**PROBLEM REQUIREMENTS**:
Where the line with "A consulta pública" appears below, start writing out lines exactly, and finish with the line with "Vtt betwin 20 pouce", which is included; write out nothing else.

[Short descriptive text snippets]
◆ ◆ ◆ ◆ ◆ ◆ ◆
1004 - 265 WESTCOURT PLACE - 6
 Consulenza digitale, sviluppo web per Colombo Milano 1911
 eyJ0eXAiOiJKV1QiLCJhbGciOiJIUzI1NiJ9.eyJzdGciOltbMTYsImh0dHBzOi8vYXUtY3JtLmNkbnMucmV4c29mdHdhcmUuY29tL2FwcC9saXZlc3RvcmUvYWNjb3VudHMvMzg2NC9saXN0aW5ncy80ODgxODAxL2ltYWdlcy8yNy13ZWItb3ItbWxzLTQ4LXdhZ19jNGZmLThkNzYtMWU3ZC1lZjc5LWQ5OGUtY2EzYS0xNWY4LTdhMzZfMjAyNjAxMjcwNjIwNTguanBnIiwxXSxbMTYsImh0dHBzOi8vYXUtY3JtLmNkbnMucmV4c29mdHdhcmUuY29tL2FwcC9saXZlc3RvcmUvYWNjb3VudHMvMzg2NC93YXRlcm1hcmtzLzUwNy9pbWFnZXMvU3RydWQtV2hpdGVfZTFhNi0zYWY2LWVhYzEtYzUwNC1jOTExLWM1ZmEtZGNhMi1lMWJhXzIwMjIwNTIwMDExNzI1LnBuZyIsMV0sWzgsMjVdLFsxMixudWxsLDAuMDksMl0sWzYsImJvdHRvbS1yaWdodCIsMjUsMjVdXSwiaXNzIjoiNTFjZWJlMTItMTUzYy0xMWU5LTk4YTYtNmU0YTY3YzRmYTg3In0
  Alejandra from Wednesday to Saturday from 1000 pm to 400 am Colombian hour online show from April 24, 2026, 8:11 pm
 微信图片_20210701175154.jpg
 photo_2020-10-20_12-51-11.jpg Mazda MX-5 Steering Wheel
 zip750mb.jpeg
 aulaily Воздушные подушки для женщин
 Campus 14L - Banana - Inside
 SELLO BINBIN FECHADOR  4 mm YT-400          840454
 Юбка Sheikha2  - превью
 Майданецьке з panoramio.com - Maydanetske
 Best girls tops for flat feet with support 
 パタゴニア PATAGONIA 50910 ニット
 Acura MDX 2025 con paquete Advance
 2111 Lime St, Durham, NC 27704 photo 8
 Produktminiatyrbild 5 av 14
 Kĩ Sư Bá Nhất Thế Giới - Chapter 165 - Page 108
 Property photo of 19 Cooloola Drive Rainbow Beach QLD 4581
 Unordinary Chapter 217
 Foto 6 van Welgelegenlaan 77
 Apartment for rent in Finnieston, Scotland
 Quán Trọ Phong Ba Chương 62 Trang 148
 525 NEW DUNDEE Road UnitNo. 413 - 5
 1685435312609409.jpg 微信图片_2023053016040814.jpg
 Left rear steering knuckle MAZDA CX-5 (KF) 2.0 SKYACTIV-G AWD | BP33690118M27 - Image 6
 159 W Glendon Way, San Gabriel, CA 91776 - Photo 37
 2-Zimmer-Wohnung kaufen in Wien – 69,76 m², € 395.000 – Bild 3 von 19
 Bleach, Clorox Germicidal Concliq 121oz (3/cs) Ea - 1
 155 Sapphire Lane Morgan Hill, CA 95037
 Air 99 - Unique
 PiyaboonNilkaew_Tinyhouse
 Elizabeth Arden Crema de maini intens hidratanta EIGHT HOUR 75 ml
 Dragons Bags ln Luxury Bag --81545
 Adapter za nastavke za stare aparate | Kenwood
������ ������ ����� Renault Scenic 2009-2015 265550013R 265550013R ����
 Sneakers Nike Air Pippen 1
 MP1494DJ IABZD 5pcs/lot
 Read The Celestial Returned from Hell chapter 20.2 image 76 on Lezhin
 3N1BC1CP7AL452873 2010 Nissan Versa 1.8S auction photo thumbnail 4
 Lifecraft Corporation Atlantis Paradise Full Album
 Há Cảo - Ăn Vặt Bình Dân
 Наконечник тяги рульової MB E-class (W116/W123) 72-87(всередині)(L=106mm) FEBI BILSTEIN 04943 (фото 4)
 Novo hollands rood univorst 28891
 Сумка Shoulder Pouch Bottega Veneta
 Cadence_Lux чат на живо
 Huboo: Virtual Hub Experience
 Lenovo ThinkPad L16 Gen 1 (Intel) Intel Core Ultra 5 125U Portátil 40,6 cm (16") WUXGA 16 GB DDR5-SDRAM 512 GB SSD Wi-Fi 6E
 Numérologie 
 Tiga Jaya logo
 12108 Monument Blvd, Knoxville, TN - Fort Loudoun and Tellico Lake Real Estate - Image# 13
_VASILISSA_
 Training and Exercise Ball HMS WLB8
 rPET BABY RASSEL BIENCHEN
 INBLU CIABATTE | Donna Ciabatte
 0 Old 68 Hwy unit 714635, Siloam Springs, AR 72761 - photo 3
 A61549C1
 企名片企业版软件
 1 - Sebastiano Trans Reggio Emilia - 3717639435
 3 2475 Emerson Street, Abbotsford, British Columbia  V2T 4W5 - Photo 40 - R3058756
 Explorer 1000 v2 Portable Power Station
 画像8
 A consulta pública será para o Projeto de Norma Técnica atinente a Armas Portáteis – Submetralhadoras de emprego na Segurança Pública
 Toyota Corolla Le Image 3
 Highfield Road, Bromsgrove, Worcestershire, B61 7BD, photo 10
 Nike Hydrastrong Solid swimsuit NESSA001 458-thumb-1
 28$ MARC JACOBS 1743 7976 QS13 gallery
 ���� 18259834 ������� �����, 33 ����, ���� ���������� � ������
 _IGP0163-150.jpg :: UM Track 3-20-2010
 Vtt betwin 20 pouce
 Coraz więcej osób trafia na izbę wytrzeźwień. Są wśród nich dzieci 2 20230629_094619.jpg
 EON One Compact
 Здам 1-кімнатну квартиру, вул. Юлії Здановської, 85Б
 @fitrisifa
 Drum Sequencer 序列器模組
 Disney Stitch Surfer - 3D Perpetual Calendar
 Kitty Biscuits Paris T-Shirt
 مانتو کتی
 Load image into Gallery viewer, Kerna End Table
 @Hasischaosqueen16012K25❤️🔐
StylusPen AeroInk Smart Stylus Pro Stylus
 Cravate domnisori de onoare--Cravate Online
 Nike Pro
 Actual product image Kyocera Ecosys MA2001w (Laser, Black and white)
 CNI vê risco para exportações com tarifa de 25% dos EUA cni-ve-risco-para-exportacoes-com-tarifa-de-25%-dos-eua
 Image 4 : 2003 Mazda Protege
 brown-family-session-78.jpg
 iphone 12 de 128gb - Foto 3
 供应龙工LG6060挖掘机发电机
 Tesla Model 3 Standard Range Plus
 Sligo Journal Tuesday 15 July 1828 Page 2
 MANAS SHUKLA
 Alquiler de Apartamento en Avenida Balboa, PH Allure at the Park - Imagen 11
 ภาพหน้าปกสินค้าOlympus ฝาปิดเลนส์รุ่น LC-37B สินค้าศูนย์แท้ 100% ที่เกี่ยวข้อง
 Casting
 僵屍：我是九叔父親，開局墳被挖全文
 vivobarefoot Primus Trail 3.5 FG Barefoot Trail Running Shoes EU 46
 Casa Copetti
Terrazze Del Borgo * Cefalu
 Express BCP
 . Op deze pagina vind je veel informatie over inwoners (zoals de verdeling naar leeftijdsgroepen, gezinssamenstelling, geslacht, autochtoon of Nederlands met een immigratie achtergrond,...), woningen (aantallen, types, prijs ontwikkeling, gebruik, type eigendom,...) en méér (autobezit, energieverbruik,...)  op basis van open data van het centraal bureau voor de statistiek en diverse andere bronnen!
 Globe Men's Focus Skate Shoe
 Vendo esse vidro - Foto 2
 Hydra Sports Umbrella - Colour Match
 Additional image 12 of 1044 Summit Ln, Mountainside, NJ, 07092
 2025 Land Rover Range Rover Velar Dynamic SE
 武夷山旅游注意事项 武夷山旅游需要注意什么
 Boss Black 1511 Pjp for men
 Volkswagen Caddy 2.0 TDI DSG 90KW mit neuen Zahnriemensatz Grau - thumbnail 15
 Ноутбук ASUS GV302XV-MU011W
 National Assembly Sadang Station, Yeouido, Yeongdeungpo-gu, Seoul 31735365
◆ ◆ ◆ ◆ ◆ ◆ ◆
**FINISHED EXERCISE**:
 A consulta pública será para o Projeto de Norma Técnica atinente a Armas Portáteis – Submetralhadoras de emprego na Segurança Pública
 Toyota Corolla Le Image 3
 Highfield Road, Bromsgrove, Worcestershire, B61 7BD, photo 10
 Nike Hydrastrong Solid swimsuit NESSA001 458-thumb-1
 28$ MARC JACOBS 1743 7976 QS13 gallery
 ���� 18259834 ������� �����, 33 ����, ���� ���������� � ������
 _IGP0163-150.jpg :: UM Track 3-20-2010
 Vtt betwin 20 pouce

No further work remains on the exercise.